The Prime Minister also announced the publication of a government paper on the readiness for a no-deal.

Prime Minister, Theresa May made three further commitments to the House.

"First, we will hold a second meaningful vote by Tuesday the 12th March at the latest.

Second, if the government has not won a meaningful vote by Tuesday the 12th of March, then it will in addition to its obligations, to table a neutral amendable motion under section 13 of the EU Withdrawal Act, table a motion to be voted on by Wednesday the 13th of March at the latest, asking this House if it supports leaving the EU without a withdrawal agreement and a framework for a future relationship on the 29th of March", the PM said. 

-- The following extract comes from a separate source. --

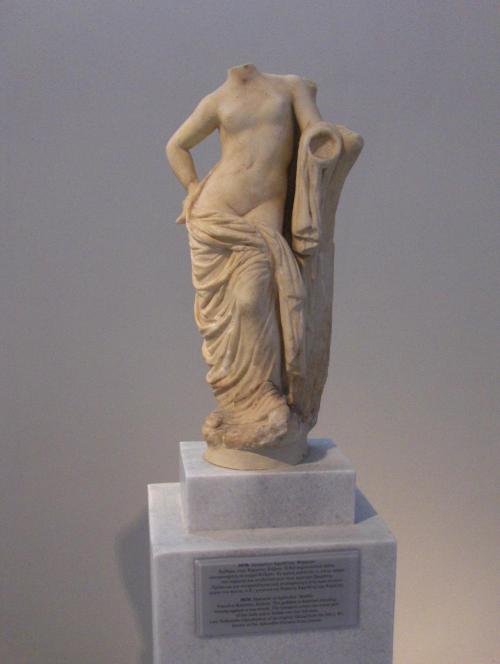 romegreeceart:A statue of Aphrodite * Archaelogical museum of AthensOctober 2008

According to Theresa May, the United Kingdom will only leave without a deal on the 29th of March if there is explicit consent in the House for that outcome.

Third, she added, if the House having rejected leaving with the deal negotiated with the EU, then rejects leaving on the 29th of March without a withdrawal agreement and future framework, the government will on the 14th of March bring forward a motion on whether Parliament wants to seek a short, limited extension to Article 50.

"And if the House votes for an extension, seek to agree that extension approved by the House with the EU and bring forward the necessary legislation to change the exit date commensurate with that extension."

In response to her statement, the leader of the opposition, Jeremy Corbyn, said the opposition believes in getting the terms of "our exit right, that's why we believe in our alternative plan".

"The Prime Minister's botched deal provides no certainty or guarantees for the future and was comprehensively rejected by this House.

"We cannot risk our country's industry and people's livelihoods and so if it somehow does pass in some form at a later stage, we believe there must be a confirmatory public vote to see if people feel that's what they voted for," Mr Corbyn said, adding that a non-deal outcome would be disastrous.